For some, these examples confirm a trend within western feminism to ignore or downplay the oppression of women in non-western countries and cultures. I got into a disagreement on Twitter recently when I took issue with a United Nations report that highlighted the inequalities suffered by women in the United States, surely one of the freest and most equal societies in the world for women – rather than focusing attention and resources on the countries in the world where women are truly oppressed – whether that means being sexually enslaved in ISIS-controlled Iraq, married off before puberty in Yemen, or imprisoned simply for being dressed ‘inappropriately’ in Saudi Arabia and Iran.
These are deep waters, and as a mere male pro-feminist I’m reluctant to wade in, particularly as I know Gloria Steinem’s writings have meant so much to many women. However, I’d suggest that a straight line can be drawn between the kind of anti-westernism and romantic idealisation of non-western cultures that I heard Steinem espouse in New York – and the skewed priorities that we witnessed in the cases of Maryam Namazie and the Cologne attacks.

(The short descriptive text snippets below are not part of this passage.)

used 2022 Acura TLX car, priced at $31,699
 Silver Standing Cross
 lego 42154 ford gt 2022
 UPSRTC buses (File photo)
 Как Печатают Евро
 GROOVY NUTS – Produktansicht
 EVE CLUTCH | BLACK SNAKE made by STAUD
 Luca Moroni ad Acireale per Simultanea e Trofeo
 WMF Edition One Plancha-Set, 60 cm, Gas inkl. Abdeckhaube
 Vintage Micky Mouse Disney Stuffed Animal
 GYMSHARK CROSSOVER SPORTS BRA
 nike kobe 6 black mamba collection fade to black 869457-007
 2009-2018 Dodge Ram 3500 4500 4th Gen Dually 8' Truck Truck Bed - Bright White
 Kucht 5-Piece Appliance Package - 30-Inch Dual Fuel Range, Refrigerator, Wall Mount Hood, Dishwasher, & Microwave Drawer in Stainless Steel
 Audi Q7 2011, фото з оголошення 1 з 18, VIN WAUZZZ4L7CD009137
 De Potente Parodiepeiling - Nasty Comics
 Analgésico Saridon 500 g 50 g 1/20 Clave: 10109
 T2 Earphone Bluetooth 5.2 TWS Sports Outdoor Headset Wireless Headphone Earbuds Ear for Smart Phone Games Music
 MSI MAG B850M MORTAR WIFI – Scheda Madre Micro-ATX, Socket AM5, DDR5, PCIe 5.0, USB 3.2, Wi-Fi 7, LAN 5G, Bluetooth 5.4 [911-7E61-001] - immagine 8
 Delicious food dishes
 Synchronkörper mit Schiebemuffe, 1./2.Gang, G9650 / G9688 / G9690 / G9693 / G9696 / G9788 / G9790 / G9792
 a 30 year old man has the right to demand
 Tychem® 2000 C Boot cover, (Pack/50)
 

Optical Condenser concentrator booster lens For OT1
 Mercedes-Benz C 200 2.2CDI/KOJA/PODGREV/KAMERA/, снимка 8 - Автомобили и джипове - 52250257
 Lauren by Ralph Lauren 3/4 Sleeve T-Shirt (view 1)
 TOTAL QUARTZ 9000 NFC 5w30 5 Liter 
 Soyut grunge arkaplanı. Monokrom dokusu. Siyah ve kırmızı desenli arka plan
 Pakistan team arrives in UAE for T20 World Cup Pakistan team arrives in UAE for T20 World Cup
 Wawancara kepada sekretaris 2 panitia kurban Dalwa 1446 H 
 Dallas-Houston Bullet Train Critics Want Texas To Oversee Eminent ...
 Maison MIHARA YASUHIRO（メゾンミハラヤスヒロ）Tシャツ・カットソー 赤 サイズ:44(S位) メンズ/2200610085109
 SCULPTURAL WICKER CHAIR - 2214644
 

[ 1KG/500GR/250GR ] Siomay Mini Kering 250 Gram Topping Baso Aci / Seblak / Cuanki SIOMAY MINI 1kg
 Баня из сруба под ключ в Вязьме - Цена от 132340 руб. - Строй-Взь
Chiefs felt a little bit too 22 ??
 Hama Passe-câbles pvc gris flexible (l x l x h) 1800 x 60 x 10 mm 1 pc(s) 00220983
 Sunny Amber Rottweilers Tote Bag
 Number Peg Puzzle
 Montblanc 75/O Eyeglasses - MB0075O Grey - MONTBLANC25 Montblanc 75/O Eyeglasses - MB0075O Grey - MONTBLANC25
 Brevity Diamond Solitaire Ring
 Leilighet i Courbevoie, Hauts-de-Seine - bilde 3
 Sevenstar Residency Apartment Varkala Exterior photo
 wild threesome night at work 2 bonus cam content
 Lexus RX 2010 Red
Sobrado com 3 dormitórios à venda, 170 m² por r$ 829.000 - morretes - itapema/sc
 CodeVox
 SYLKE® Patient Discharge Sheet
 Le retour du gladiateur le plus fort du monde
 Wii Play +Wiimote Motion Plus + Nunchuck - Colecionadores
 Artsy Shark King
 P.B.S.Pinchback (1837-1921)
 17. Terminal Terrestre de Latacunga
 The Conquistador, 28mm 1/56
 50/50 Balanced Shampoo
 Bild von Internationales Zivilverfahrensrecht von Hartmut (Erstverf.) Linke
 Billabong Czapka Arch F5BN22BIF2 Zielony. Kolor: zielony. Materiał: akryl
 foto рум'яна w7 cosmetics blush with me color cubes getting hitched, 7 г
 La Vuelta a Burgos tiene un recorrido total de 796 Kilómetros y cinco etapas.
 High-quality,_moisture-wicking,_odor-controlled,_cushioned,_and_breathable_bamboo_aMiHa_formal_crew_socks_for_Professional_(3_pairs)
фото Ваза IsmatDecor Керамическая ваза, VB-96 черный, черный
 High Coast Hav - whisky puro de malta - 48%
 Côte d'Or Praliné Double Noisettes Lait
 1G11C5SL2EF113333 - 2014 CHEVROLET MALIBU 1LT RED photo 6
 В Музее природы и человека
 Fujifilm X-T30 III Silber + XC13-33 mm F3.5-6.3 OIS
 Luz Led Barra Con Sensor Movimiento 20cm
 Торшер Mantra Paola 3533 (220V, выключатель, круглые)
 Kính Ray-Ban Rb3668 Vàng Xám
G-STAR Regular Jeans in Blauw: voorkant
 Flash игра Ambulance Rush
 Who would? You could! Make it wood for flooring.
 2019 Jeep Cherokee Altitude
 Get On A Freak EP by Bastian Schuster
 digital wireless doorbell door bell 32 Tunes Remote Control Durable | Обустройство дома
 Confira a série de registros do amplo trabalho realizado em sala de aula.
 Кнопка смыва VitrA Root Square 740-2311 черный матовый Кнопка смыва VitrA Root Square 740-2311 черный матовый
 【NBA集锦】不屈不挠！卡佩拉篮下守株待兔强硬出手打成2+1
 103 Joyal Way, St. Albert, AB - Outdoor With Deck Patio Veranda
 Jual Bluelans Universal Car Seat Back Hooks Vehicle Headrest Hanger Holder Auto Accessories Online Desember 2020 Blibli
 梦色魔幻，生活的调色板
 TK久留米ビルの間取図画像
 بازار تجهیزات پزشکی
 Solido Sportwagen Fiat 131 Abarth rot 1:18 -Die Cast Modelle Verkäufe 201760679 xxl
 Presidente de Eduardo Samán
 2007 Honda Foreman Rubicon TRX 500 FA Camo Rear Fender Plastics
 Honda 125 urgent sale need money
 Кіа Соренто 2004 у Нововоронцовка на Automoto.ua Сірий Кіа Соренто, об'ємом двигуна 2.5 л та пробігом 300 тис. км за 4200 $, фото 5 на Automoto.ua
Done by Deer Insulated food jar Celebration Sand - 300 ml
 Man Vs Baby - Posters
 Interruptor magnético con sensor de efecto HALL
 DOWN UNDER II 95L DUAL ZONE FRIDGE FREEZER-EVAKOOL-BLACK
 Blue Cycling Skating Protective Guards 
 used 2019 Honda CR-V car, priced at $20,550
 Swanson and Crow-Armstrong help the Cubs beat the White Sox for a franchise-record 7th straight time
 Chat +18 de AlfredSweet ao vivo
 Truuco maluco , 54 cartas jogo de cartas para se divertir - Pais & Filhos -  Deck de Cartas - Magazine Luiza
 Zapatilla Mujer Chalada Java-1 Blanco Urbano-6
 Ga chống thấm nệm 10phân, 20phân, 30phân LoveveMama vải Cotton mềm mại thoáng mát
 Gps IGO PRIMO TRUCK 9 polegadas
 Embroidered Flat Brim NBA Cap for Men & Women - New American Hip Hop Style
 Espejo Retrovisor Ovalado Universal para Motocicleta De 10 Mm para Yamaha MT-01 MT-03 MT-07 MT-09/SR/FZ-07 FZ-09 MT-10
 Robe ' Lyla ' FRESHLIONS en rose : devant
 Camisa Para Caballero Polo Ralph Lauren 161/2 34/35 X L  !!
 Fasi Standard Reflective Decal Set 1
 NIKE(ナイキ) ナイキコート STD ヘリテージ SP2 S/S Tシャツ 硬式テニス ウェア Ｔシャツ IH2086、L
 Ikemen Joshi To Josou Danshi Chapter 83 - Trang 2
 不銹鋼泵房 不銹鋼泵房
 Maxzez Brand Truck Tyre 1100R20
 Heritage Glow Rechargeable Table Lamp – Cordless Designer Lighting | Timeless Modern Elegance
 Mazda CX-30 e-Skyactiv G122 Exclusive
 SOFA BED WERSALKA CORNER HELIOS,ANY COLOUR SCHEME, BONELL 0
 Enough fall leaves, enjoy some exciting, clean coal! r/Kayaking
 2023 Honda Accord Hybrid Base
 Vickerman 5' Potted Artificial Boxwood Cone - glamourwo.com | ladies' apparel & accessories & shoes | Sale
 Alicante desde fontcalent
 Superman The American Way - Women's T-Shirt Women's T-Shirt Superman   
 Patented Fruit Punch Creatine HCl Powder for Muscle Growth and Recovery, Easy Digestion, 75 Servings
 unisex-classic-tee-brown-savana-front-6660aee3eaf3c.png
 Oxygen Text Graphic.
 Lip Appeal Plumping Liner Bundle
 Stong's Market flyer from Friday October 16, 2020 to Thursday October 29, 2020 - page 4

After Cologne a number of critics proclaimed the ‘death’ of feminism. They were wrong, of course. But if the movement for gender equality is to survive and win over a younger generation, and at the same time counter the criticisms of the men’s rights movement, then I’d argue that it needs to let go of cultural relativism and embrace a bold vision of universal human rights, without fear or favour towards any culture or grouping. And it needs to forsake the kind of crude identity politics that Gloria Steinem and Madeleine Albright indulged in last week. Indeed, some have argued that it’s precisely his refusal to play this game (despite being the first Jewish candidate, and indeed the first non-Christian, to win a US primary election), and instead his keenness to emphasise that ‘we’re all in this together’ that may help to explain why the ‘boys’ – and girls – are increasingly ‘with Bernie’.